Ahn Do (Inpress magazine march 2000)

Born in Vietnam and raised in the Sydney western suburb of Yagoona, Ahn Do isn't your run-of-the-mill comedian. In 1999 he had a big year, winning the Sydney Comic Of The Year award as well as the NSW final of Raw Comedy. He's currently in Melbourne to do his very first solo show in Melbourne. Let's make him welcome, Mr Ahn Do, and his show 'Much Ahn Do About Nothing'.

Tell us about your show?

It has nothing to do with Shakespeare, by the way. I should write a Shakespeare gag so I can legitimately have that in the title. I know nothing about Shakespeare. Maybe I should do someting on chuppa chups instead: 'To lick or not to lick?'

You could wear some Renaissance clothing.

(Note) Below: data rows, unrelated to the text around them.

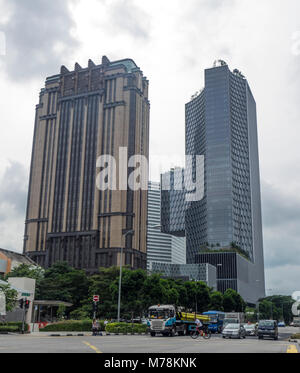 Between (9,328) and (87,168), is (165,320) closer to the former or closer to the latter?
(9,328)

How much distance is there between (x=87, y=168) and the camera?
403 feet

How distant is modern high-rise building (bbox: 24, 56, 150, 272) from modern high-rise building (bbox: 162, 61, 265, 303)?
53250 mm

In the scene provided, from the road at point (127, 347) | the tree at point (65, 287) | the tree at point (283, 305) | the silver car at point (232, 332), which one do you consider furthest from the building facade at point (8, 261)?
the tree at point (283, 305)

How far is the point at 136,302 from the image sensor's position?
58.1 m

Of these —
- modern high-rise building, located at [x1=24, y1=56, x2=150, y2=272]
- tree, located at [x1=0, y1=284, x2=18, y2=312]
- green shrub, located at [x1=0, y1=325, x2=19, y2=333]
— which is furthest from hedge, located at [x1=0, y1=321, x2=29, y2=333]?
modern high-rise building, located at [x1=24, y1=56, x2=150, y2=272]

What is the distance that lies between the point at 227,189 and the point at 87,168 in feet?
231

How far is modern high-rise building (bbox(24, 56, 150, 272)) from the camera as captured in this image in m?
115

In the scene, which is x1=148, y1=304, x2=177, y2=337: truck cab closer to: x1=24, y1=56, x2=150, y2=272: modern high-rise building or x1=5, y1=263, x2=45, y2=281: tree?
x1=5, y1=263, x2=45, y2=281: tree

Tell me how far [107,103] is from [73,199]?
30404 millimetres

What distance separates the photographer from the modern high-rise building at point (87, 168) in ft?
378

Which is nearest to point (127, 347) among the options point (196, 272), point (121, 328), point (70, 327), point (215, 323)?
point (121, 328)

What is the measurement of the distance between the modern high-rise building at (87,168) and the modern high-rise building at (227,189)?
175 feet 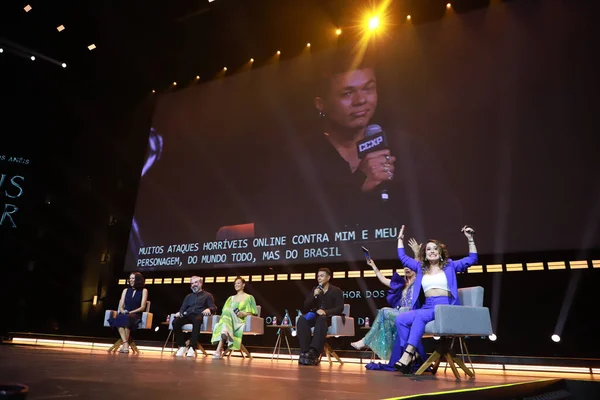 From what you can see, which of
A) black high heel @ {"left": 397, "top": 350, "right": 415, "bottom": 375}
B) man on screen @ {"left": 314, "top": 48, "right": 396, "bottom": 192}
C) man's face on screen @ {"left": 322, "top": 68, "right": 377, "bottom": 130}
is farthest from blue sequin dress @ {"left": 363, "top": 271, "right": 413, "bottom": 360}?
man's face on screen @ {"left": 322, "top": 68, "right": 377, "bottom": 130}

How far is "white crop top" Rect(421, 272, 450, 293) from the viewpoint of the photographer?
123 inches

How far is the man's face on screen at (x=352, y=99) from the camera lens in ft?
21.8

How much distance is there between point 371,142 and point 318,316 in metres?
2.96

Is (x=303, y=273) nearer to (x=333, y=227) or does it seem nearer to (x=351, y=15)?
(x=333, y=227)

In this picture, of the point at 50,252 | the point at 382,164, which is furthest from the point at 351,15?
the point at 50,252

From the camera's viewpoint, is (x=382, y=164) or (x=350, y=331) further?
(x=382, y=164)

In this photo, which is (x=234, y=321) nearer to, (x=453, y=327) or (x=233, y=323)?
(x=233, y=323)

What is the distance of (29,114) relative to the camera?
9.04 metres

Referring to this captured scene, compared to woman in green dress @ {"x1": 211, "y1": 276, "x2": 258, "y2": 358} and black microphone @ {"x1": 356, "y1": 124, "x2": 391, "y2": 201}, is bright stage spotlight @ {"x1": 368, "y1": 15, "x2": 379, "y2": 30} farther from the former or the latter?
woman in green dress @ {"x1": 211, "y1": 276, "x2": 258, "y2": 358}

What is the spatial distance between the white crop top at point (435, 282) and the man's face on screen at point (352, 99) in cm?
380

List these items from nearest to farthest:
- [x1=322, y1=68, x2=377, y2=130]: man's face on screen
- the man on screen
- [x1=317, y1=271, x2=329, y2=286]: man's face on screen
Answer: [x1=317, y1=271, x2=329, y2=286]: man's face on screen < the man on screen < [x1=322, y1=68, x2=377, y2=130]: man's face on screen

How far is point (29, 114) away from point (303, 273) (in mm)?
6803

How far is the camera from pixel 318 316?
4.61 meters

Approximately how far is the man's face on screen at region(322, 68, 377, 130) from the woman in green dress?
9.84 feet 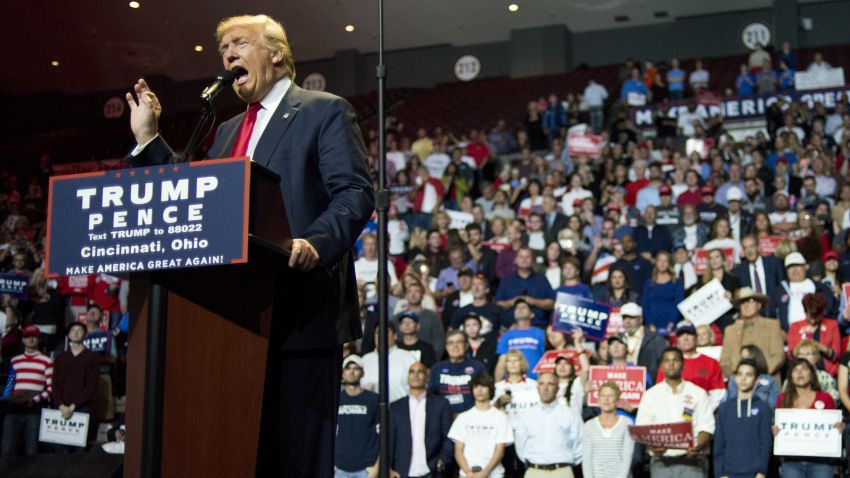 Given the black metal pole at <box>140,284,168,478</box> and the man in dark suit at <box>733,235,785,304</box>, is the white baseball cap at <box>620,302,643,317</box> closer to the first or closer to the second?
the man in dark suit at <box>733,235,785,304</box>

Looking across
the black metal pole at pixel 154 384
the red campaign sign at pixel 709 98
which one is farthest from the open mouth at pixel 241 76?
the red campaign sign at pixel 709 98

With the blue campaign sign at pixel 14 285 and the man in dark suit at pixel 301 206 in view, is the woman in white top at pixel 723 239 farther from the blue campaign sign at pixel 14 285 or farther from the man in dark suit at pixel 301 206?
the man in dark suit at pixel 301 206

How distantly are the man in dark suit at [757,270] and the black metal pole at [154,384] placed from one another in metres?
7.89

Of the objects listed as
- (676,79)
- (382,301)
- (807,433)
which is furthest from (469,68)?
(382,301)

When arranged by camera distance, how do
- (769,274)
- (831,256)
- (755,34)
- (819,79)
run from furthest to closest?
(755,34) < (819,79) < (769,274) < (831,256)

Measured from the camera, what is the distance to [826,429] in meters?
6.73

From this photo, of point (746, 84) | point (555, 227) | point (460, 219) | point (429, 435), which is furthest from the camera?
point (746, 84)

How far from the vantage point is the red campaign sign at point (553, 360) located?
815 cm

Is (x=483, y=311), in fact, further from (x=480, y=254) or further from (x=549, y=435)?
(x=549, y=435)

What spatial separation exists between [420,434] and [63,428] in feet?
10.4

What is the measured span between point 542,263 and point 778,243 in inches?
86.2

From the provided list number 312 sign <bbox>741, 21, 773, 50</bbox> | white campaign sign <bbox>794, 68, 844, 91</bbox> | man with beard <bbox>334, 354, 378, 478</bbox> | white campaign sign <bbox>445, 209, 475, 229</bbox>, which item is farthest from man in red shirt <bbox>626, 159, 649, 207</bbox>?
number 312 sign <bbox>741, 21, 773, 50</bbox>

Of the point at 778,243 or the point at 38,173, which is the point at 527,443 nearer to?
the point at 778,243

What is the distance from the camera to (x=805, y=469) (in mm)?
6781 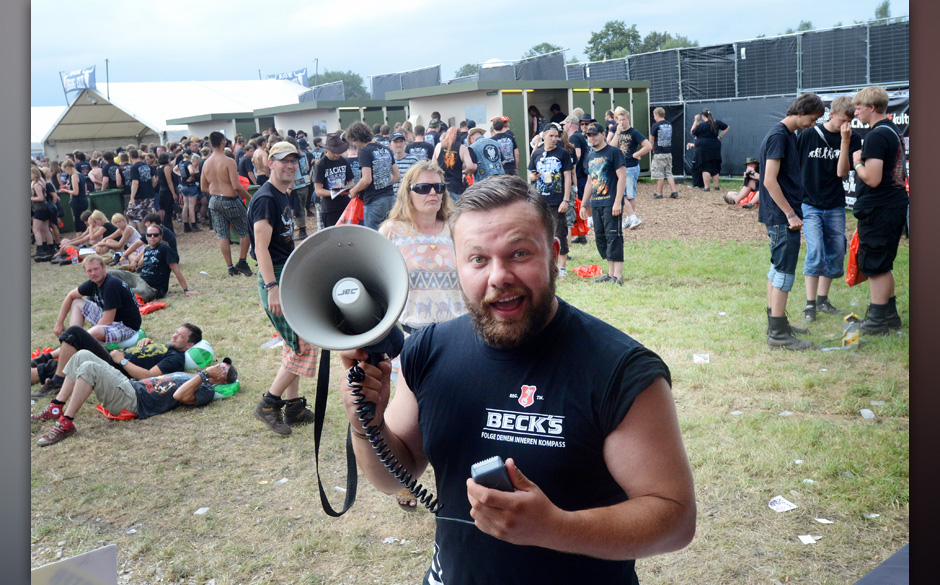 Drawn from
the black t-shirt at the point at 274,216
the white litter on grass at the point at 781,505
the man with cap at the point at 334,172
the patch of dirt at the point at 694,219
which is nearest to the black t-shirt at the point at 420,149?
the man with cap at the point at 334,172

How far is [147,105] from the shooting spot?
56.2ft

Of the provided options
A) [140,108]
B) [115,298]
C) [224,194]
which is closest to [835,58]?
[224,194]

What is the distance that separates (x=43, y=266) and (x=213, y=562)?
8905 millimetres

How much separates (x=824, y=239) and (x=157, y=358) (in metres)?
4.39

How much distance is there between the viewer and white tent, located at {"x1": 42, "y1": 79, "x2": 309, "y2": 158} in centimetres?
1647

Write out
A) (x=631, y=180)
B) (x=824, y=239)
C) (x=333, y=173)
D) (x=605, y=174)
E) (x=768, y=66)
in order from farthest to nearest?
(x=768, y=66) → (x=631, y=180) → (x=333, y=173) → (x=605, y=174) → (x=824, y=239)

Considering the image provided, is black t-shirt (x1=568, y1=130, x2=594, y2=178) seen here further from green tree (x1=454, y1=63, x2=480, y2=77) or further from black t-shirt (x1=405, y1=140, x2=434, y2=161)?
green tree (x1=454, y1=63, x2=480, y2=77)

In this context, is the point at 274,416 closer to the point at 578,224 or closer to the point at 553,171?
the point at 553,171

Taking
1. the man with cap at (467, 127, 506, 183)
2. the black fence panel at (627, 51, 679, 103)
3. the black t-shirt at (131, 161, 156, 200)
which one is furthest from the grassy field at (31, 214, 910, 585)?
the black fence panel at (627, 51, 679, 103)

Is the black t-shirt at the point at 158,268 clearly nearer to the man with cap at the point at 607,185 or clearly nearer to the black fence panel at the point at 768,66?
the man with cap at the point at 607,185

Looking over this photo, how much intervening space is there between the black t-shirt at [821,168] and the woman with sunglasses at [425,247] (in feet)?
8.49

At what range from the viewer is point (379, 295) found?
51.8 inches

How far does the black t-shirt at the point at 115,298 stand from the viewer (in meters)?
5.07

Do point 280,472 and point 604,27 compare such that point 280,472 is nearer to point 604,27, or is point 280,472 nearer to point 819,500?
point 819,500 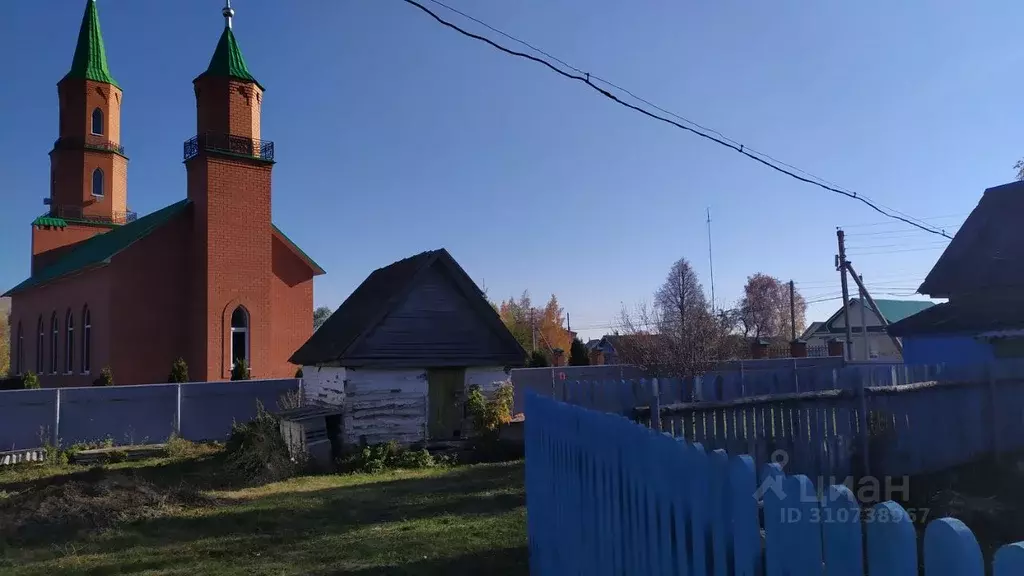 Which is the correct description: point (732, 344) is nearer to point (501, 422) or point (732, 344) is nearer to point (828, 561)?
point (501, 422)

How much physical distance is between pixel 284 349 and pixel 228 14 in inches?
565

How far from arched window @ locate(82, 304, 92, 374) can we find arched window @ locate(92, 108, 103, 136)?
14002mm

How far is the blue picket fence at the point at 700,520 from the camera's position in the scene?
1.84 meters

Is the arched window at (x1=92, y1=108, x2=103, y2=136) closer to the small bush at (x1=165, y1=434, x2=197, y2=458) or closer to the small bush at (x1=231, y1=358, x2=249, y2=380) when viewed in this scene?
the small bush at (x1=231, y1=358, x2=249, y2=380)

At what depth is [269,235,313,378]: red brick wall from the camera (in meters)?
28.6

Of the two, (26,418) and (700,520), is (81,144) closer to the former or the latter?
(26,418)

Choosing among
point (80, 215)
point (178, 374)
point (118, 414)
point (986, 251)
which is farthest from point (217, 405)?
point (80, 215)

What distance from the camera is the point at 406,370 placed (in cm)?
1516

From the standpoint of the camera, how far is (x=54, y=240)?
38844 millimetres

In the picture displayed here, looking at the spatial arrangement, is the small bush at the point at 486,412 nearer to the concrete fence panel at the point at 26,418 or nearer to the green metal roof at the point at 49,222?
the concrete fence panel at the point at 26,418

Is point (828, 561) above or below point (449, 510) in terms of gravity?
above

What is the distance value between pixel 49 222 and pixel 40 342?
7386 millimetres

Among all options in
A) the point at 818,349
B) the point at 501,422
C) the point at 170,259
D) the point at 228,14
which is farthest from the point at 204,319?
the point at 818,349

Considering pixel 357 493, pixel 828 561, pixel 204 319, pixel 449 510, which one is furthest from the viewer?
pixel 204 319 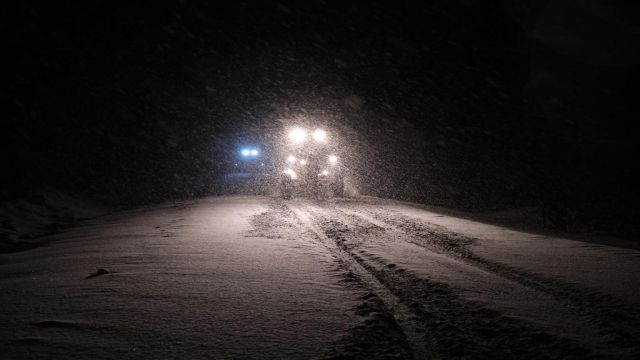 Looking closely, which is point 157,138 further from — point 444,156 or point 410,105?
point 444,156

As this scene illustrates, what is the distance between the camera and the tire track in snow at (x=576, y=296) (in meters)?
3.08

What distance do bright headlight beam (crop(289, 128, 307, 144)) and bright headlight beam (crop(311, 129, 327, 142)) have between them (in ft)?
1.44

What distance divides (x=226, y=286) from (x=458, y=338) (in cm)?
241

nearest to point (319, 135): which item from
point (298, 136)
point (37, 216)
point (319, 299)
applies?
point (298, 136)

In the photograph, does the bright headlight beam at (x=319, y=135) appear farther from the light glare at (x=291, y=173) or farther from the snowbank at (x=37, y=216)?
the snowbank at (x=37, y=216)

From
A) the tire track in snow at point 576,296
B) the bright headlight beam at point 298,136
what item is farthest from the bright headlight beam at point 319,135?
the tire track in snow at point 576,296

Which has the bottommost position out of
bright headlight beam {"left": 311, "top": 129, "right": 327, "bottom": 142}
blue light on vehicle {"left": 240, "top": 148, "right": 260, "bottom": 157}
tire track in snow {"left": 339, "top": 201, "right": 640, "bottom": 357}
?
tire track in snow {"left": 339, "top": 201, "right": 640, "bottom": 357}

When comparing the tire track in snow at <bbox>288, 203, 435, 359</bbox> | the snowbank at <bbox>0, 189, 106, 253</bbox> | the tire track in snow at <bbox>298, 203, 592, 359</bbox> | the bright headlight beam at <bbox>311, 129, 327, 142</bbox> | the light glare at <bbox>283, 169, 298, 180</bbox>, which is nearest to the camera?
the tire track in snow at <bbox>298, 203, 592, 359</bbox>

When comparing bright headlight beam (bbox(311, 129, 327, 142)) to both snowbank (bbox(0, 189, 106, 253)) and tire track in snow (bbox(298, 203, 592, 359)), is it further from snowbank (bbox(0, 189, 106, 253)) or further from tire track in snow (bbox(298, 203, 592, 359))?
tire track in snow (bbox(298, 203, 592, 359))

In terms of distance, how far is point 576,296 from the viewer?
3992 millimetres

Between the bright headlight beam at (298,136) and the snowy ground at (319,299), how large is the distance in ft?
41.9

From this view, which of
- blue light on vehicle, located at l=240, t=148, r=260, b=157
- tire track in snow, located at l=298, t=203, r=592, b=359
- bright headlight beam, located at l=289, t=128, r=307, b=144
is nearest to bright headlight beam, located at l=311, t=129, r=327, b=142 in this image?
bright headlight beam, located at l=289, t=128, r=307, b=144

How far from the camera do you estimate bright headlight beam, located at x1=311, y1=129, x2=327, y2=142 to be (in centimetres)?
1956

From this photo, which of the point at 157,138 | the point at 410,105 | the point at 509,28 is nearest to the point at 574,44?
the point at 509,28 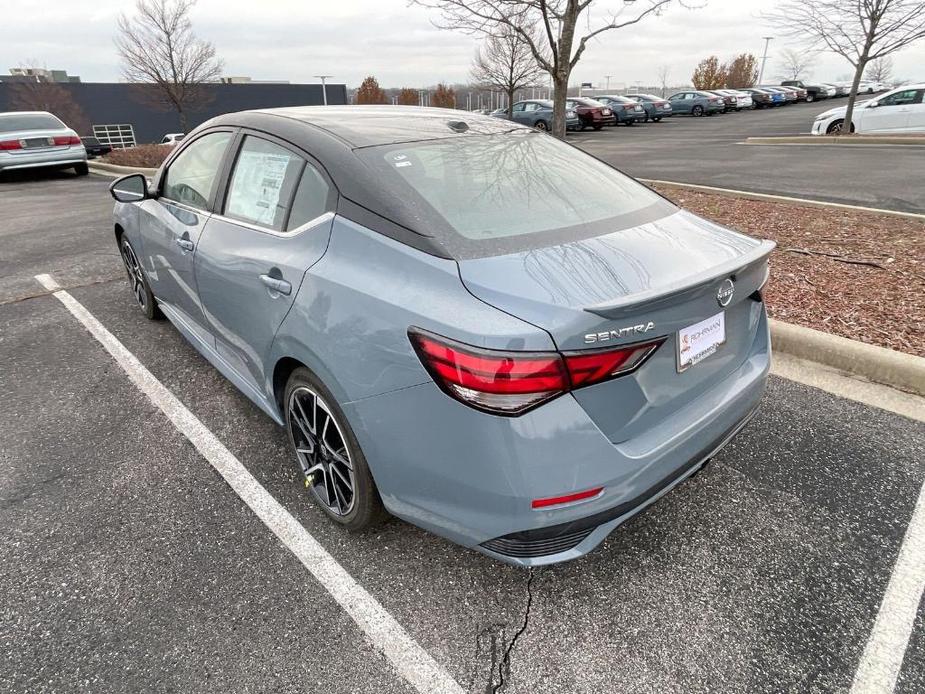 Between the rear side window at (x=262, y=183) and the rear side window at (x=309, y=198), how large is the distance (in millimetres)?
54

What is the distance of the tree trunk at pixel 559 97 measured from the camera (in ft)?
30.7

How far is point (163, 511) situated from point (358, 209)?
5.24ft

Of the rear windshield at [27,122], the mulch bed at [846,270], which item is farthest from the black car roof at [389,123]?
the rear windshield at [27,122]

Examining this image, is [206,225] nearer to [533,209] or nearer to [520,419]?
[533,209]

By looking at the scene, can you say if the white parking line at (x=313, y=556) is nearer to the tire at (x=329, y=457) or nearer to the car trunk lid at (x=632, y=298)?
the tire at (x=329, y=457)

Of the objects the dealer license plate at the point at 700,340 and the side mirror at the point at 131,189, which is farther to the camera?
the side mirror at the point at 131,189

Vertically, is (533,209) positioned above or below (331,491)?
above

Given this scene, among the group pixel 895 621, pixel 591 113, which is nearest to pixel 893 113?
pixel 591 113

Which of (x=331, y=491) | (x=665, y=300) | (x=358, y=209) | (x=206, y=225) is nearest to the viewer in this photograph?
(x=665, y=300)

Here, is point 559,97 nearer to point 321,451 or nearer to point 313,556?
point 321,451

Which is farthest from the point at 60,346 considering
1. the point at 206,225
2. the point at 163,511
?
the point at 163,511

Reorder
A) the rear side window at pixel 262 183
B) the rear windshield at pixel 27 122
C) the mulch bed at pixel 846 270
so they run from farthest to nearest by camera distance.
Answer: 1. the rear windshield at pixel 27 122
2. the mulch bed at pixel 846 270
3. the rear side window at pixel 262 183

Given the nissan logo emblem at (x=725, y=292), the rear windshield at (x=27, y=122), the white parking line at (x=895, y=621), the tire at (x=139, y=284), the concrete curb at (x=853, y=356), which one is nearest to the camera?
the white parking line at (x=895, y=621)

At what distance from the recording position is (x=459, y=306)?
173 cm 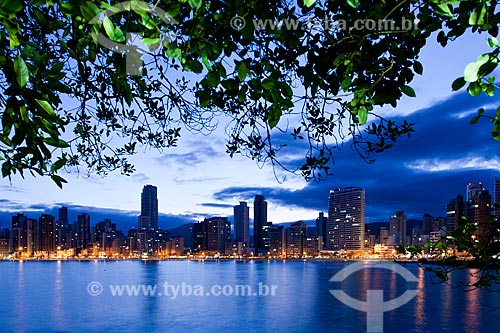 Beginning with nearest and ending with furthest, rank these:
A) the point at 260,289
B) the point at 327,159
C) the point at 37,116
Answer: the point at 37,116 → the point at 327,159 → the point at 260,289

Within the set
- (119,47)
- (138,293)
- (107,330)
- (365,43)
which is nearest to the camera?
(119,47)

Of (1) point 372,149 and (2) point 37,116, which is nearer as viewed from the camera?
(2) point 37,116

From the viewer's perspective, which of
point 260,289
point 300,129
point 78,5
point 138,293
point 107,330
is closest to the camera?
point 78,5

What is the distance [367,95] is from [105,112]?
3.28 m

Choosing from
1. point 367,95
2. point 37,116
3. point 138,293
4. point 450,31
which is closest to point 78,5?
point 37,116

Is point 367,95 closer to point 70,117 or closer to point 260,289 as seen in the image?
point 70,117

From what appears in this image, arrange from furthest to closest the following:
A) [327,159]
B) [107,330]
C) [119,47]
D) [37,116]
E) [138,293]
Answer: [138,293] → [107,330] → [327,159] → [119,47] → [37,116]

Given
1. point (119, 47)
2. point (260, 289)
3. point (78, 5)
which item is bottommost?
point (260, 289)

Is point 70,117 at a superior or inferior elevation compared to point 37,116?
superior

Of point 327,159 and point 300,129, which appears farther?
point 300,129

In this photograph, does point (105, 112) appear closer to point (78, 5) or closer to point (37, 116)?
point (37, 116)

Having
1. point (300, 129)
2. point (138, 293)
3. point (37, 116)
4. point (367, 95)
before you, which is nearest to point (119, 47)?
point (37, 116)

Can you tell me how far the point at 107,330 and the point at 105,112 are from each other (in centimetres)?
3629

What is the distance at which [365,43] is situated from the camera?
315 cm
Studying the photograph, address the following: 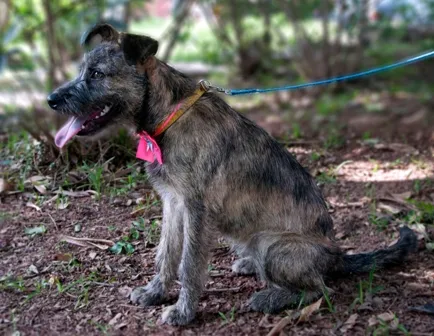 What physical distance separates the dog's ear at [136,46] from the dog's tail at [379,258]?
2.14 m

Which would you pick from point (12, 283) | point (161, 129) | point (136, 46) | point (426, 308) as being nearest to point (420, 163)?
point (426, 308)

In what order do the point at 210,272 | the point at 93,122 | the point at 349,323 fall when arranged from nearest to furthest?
the point at 349,323 → the point at 93,122 → the point at 210,272

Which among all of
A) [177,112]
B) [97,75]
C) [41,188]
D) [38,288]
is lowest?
[38,288]

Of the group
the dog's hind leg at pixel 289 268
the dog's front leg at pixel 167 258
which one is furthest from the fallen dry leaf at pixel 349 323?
the dog's front leg at pixel 167 258

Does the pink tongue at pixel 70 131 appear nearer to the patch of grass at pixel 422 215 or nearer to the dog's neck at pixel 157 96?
the dog's neck at pixel 157 96

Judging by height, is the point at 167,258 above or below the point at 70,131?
below

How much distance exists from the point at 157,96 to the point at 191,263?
1.18 meters

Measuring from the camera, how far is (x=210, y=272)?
16.6 ft

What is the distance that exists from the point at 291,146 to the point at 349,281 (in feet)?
8.70

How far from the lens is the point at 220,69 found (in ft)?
46.0

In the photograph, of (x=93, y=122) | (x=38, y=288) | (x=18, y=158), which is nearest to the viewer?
(x=93, y=122)

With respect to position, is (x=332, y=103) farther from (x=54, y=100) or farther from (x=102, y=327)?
(x=102, y=327)

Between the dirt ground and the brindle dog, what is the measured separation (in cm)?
20

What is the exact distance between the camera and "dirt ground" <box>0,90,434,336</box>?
13.8 feet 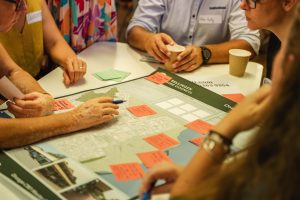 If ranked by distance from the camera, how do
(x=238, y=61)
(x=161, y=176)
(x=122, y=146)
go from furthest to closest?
(x=238, y=61) < (x=122, y=146) < (x=161, y=176)

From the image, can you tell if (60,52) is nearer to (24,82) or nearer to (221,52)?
(24,82)

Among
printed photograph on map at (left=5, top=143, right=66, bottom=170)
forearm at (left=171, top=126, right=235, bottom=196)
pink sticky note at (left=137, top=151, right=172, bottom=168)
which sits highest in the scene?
forearm at (left=171, top=126, right=235, bottom=196)

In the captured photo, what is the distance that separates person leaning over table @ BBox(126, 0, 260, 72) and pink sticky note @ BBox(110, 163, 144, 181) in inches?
36.6

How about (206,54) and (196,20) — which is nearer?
(206,54)

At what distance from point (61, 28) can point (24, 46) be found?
266 millimetres

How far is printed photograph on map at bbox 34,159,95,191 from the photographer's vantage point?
114 cm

I grew up in Sydney, Yagoona. It's the Melbourne equivalent to Broadmeadows. So you won't see me in any Shakespeare stuff, you'll see me in flannelette tights. If any tights at all, they'd be flanny. Which would be very uncomfortable. The show's an autobiographical show, and being 22, most of that is childhood experiences. Getting up to a bit of stuff. I used to cut school a lot. At my graduation dinner I won a prize for the most absent in the school year. Yeah I know that because my friend told me. [boom boom - ed] Hey, there it is! I'll throw you a few gags if you want to put 'em in. You might just go, 'no, that doesn't read well, that looks like shit on paper'. The show's about weird and crazy things that happened to me, like the time I paid my water and electicity bill together and got electrocuted. Yeah, that's crazy isn't it? Like the time I drove my Datsun over the Sydney Harbour bridge and the toll guy gave me two bucks.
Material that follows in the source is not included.